BarceloNina #63. Sucumbir para contarlo

He tardado algo más que la media, pero he acabado sucumbiendo a todo lo que dije que no sucumbiría. A todo.

Primero fue Whatsapp. Tras el bombazo inicial decidí desinstalarlo de mi móvil porque no me gustaba. Pero, más tarde, con la excusa de que vivía fuera, me lo puse en mi número extranjero. Casi nadie lo tenía guardado en su agenda, así que era una manera de cercar el tema. Al cabo de una año de regresar a Barcelona, mi número extranjero lo dieron de baja. Me di cuenta en parte gracias a que conocidos míos me dijeron que no entendían por qué no contestaba a sus mensajes y -sobre todo- por qué estaba tan rara últimamente, que incluso me había puesto una foto de perfil de un indio grandullón con gafas de sol y un collage de flores detrás. La necesidad ya estaba creada: Tuve que activar Whatsapp en mi número español.

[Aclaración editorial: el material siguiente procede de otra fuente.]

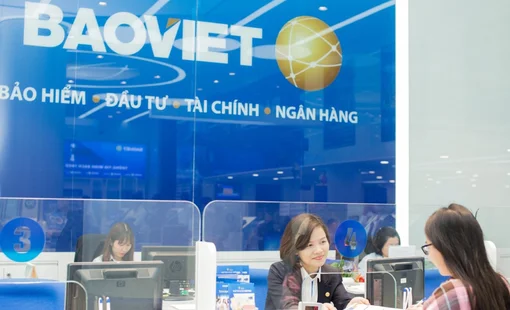 Lợi nhuận 9 tháng giảm 13,1%, Bảo Việt đang rót tiền vào đâu?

Dije que no entendía las personas que pasaban tanto tiempo estudiando. Siempre había pensado que si yo tuviera que contratar, contrataría a alguien con experiencia antes que con currículum académico. Basta de tanta tontería de titulitis. Bueno, pues resulta que la formación es importante. He sucumbido a un postgrado, pero con el orgullo de hacerlo un poco tarde, habiendo trabajado en distintos ámbitos como para poder decidir en cuál me quiero especializar, y no al terminar la carrera como quien se engancha a un salvavidas para no tener que nadar un poco.

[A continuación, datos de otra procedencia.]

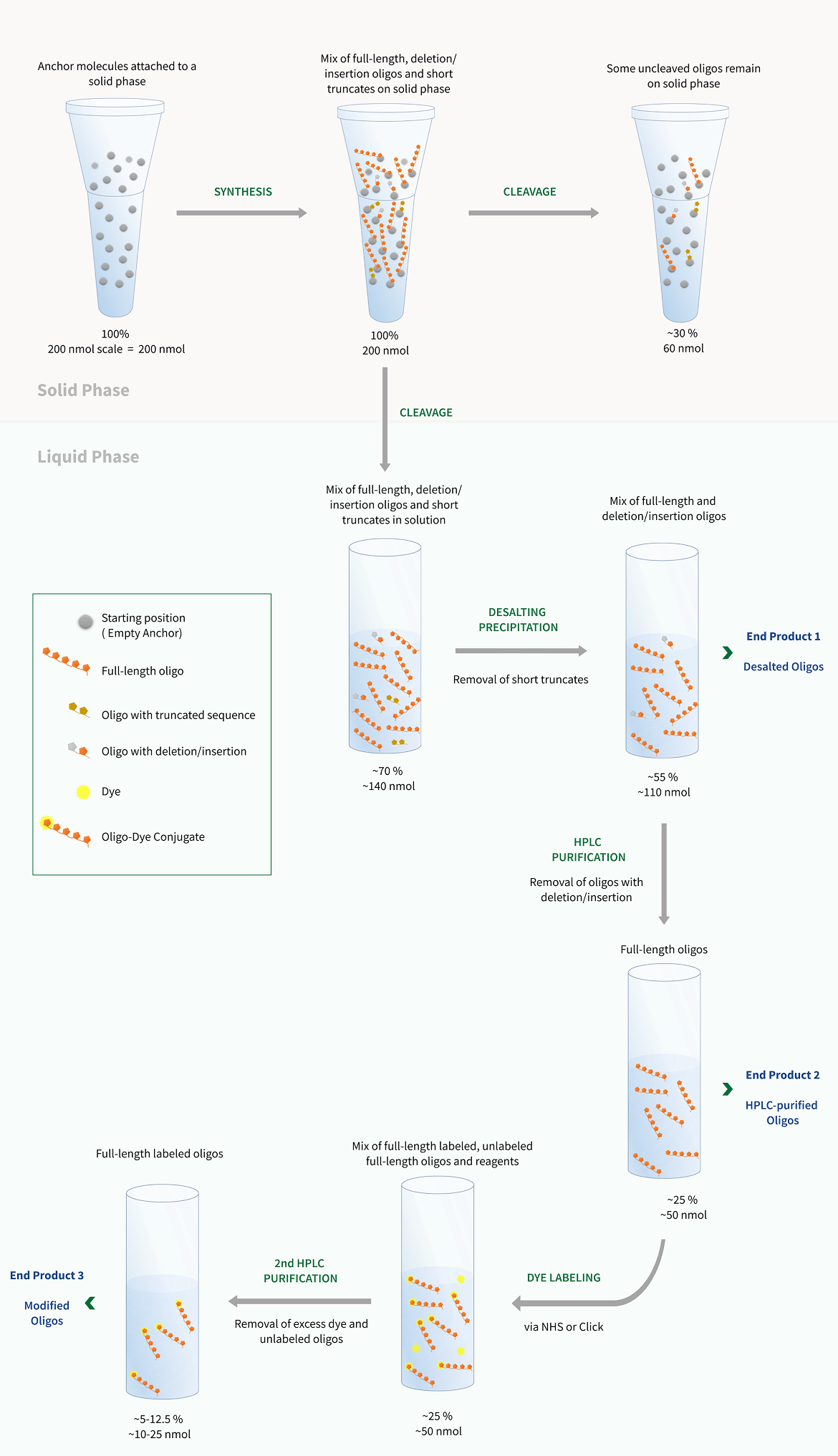 Scales and yields in oligo synthesis-navigating yield loss with a 20mer oligo production process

En cuanto al yoga... Después de haber vivido tres años en la India y de no haber tenido casi contacto con él (a excepción de cuando me cruzaba con algún extranjero vestido con túnica, que me propinaba la correspondiente e impertinente mirada de desprecio del que está buscando su lugar en el mundo con la meditación mientras tú simplemente te dedicas a no vestir con túnica) resulta que me empieza a atraer el tema. Llevo una racha de libros de periodistas en el extranjero que hablan de prácticas relacionadas con la meditación y las respetan (y también se ríen de su traslación al mundo occidental con reclamos reduccionistas, de su marketing, de su comercialización, de las urbanitas americanas vestidas de yoga a cualquier hora del día, de sus líneas de ropa en marcas internacionales, de sus primeros yupis newage...). Efectivamente, también he sucumbido a una especie de yoga. Pero que conste que soy nefasta y miro con rabia a los avanzados, que no advierten mi envidia porque durante el contorsionismo cierran los ojos.

He sucumbido a todo esto.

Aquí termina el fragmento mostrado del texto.